"If we are touched ever so little with his disease."
She turned to me with sparkling eyes; she spoke very softly.
"Ah, Simon, you too have a tongue! Can you also lure women? I think you could. But keep it, Simon, keep it for your wife. There's many a maid would gladly take the title, for you're a fine figure, and I think that you know the way to a woman's heart."
Standing above me (for I had sunk back in my chair) she caressed my cheek gently with her hand. I was checked, but not beaten. My madness, as she called it (as must not I also call it?), was still in me, hot and surging. Hope was yet alive, for she had shown me tenderness, and once it had seemed as though a passing shadow of remorse had shot across her brightness.

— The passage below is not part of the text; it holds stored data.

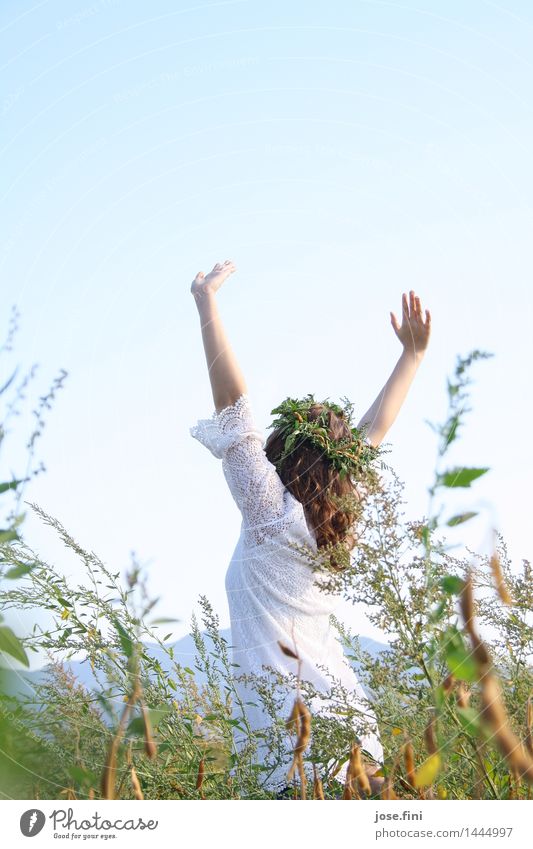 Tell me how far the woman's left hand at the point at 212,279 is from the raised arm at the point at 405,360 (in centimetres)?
46

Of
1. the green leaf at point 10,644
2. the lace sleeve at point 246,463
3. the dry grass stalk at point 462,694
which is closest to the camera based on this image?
the green leaf at point 10,644

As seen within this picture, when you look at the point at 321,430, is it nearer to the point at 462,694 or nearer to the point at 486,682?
the point at 462,694

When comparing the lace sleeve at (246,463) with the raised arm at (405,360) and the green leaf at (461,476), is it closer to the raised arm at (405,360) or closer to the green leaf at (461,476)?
the raised arm at (405,360)

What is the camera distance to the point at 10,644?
0.79m

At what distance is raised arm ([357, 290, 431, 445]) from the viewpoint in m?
2.19

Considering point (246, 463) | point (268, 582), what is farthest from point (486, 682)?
point (268, 582)

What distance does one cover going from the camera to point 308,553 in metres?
1.06

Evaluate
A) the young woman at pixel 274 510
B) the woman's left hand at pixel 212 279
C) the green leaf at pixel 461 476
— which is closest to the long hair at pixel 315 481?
the young woman at pixel 274 510

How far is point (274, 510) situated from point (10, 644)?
172 centimetres

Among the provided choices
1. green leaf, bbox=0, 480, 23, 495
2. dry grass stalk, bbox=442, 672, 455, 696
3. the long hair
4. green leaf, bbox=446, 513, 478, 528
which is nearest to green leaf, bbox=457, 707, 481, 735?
dry grass stalk, bbox=442, 672, 455, 696

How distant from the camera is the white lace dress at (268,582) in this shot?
240 centimetres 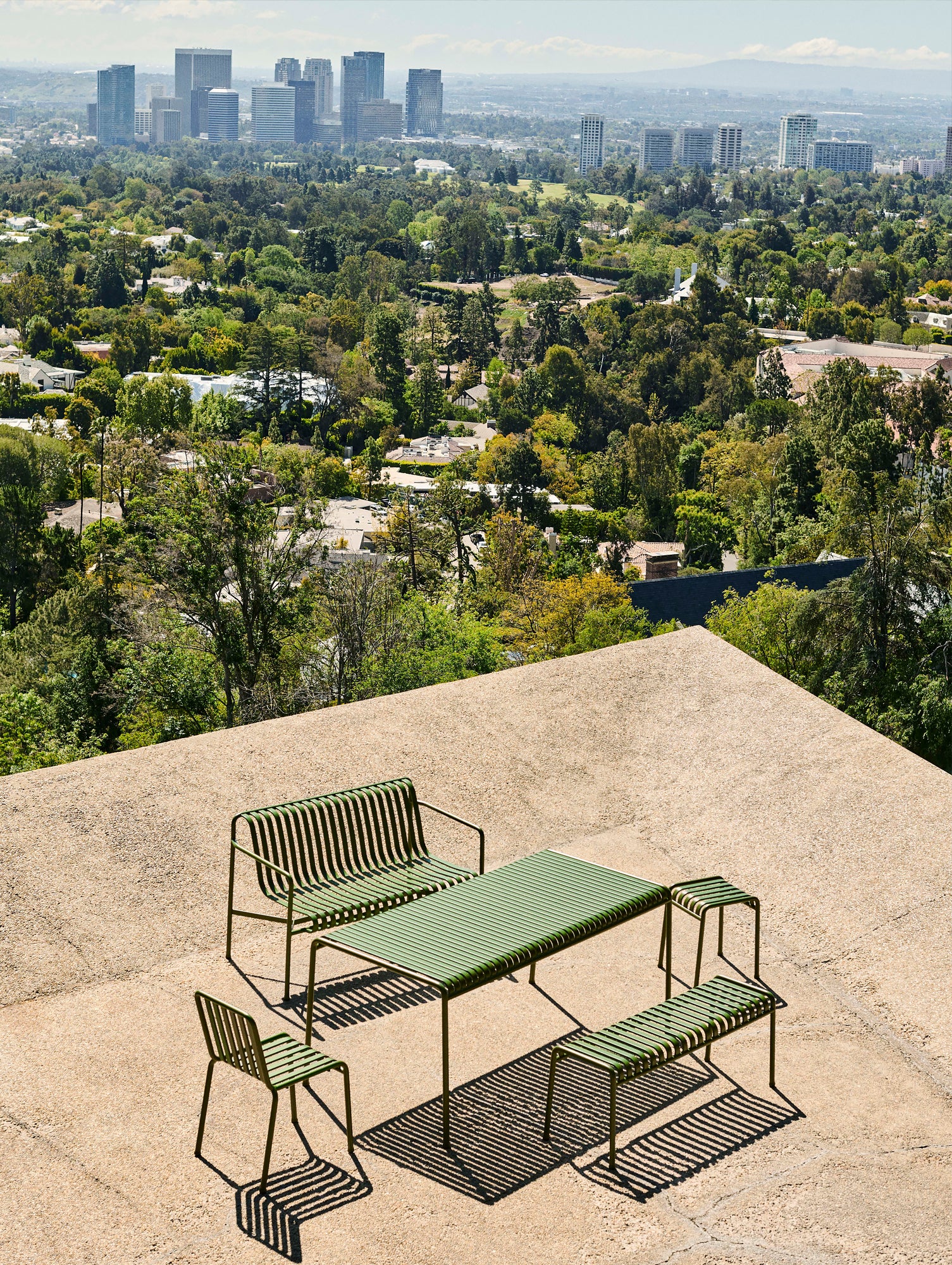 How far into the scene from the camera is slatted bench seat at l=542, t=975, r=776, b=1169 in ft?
12.8

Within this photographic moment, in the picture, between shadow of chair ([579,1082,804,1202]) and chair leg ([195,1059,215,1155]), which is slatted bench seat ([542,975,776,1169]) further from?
chair leg ([195,1059,215,1155])

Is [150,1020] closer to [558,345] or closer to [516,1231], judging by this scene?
[516,1231]

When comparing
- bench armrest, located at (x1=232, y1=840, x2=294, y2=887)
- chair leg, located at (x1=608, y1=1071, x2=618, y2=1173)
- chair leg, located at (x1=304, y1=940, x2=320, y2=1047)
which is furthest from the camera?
bench armrest, located at (x1=232, y1=840, x2=294, y2=887)

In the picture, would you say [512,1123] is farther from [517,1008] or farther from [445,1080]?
[517,1008]

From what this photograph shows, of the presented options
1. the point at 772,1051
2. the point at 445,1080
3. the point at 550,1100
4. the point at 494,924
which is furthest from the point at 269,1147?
the point at 772,1051

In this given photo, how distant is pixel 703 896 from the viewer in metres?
4.82

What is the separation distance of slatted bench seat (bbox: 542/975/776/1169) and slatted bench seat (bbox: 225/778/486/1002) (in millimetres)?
803

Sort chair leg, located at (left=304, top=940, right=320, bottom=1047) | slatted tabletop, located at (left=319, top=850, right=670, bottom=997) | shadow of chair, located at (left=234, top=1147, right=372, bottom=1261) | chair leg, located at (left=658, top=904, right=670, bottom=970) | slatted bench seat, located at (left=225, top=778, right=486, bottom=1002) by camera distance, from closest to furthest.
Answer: shadow of chair, located at (left=234, top=1147, right=372, bottom=1261), slatted tabletop, located at (left=319, top=850, right=670, bottom=997), chair leg, located at (left=304, top=940, right=320, bottom=1047), slatted bench seat, located at (left=225, top=778, right=486, bottom=1002), chair leg, located at (left=658, top=904, right=670, bottom=970)

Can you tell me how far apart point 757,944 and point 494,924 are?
1.17 metres

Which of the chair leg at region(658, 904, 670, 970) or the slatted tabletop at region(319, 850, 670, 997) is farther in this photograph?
the chair leg at region(658, 904, 670, 970)

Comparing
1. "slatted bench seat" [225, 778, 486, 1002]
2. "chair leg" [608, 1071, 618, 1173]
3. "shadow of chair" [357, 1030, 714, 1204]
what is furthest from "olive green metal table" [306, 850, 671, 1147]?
"chair leg" [608, 1071, 618, 1173]

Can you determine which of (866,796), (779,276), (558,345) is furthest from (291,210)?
(866,796)

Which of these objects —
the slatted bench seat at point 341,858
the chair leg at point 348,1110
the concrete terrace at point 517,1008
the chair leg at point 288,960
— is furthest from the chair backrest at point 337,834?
the chair leg at point 348,1110

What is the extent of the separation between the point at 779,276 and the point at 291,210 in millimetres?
54675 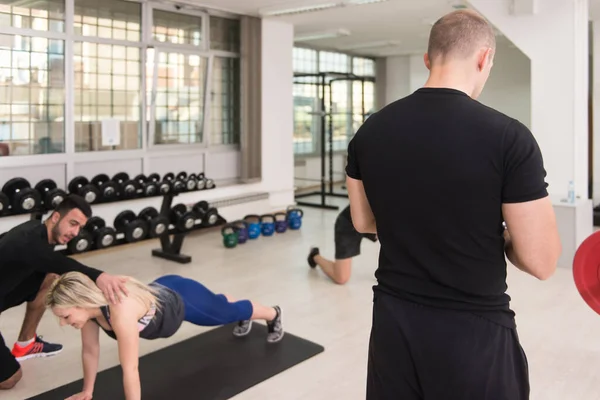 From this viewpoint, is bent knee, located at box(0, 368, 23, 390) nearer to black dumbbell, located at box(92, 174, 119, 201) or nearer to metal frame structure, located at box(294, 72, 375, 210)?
black dumbbell, located at box(92, 174, 119, 201)

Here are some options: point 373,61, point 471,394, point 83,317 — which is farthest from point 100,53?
point 373,61

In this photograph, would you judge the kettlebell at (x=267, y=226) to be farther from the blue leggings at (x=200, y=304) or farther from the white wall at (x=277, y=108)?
the blue leggings at (x=200, y=304)

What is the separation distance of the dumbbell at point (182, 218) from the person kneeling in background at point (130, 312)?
2.05 m

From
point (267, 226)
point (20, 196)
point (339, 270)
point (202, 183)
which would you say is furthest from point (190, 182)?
point (339, 270)

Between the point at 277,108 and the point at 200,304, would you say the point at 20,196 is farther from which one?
the point at 277,108

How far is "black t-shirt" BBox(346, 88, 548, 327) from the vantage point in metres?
0.93

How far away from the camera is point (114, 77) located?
496cm

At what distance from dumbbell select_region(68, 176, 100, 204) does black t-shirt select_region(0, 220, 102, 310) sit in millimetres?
1798

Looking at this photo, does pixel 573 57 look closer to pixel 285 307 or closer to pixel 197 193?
pixel 285 307

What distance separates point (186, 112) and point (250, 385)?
12.4 ft

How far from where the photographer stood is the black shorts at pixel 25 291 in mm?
2490

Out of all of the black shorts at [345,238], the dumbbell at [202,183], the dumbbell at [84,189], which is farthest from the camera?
the dumbbell at [202,183]

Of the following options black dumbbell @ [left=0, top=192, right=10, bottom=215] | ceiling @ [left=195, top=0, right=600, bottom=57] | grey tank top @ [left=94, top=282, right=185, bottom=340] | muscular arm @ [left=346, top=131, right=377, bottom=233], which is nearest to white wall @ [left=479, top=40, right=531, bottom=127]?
ceiling @ [left=195, top=0, right=600, bottom=57]

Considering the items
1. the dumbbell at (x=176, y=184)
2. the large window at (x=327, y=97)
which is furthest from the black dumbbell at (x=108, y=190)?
the large window at (x=327, y=97) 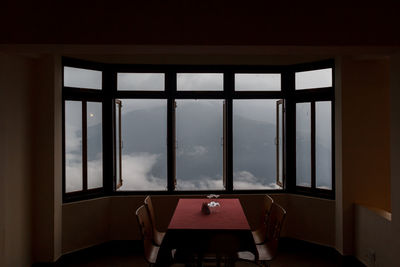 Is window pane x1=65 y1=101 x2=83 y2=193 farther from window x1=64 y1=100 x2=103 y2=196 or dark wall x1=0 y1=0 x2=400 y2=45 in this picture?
dark wall x1=0 y1=0 x2=400 y2=45

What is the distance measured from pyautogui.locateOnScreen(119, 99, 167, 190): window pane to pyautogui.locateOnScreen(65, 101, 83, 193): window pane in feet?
2.16

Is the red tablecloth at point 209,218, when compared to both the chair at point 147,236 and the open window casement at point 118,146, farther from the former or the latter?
the open window casement at point 118,146

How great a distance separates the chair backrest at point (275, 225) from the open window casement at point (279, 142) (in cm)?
148

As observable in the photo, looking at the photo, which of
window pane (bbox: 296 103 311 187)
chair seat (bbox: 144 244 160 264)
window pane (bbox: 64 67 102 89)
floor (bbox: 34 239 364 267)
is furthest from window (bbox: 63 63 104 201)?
window pane (bbox: 296 103 311 187)

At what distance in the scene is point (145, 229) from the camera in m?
3.62

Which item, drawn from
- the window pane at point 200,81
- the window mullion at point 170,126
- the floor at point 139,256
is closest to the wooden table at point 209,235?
the floor at point 139,256

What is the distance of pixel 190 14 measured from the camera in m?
2.97

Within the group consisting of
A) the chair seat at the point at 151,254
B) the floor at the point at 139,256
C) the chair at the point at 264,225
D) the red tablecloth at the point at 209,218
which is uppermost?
the red tablecloth at the point at 209,218

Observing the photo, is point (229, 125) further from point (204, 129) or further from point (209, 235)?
point (209, 235)

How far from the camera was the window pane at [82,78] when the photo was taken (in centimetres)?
461

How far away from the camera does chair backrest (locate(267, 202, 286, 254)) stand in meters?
3.45

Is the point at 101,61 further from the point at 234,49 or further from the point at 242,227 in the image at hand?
the point at 242,227

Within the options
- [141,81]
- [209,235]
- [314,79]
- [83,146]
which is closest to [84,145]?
[83,146]

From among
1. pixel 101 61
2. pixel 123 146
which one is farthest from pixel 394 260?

Putting out my hands, I took both of hers again, and so looked up in her face, dumbly beseeching her; a smile quivered on her lips as she shook her head at me.
"Heaven keeps you for better things," she said.
"I'd be the judge of them myself," I cried, and I sought to carry her hands to my lips.
"Let me go," she said; "Simon, you must let me go. Nay, you must. So! Sit there, and I'll sit opposite to you."
She did as she said, seating herself over against me, although quite close. She looked me in the face. Presently she gave a little sigh.
"Won't you leave me now?" she asked with a plaintive smile.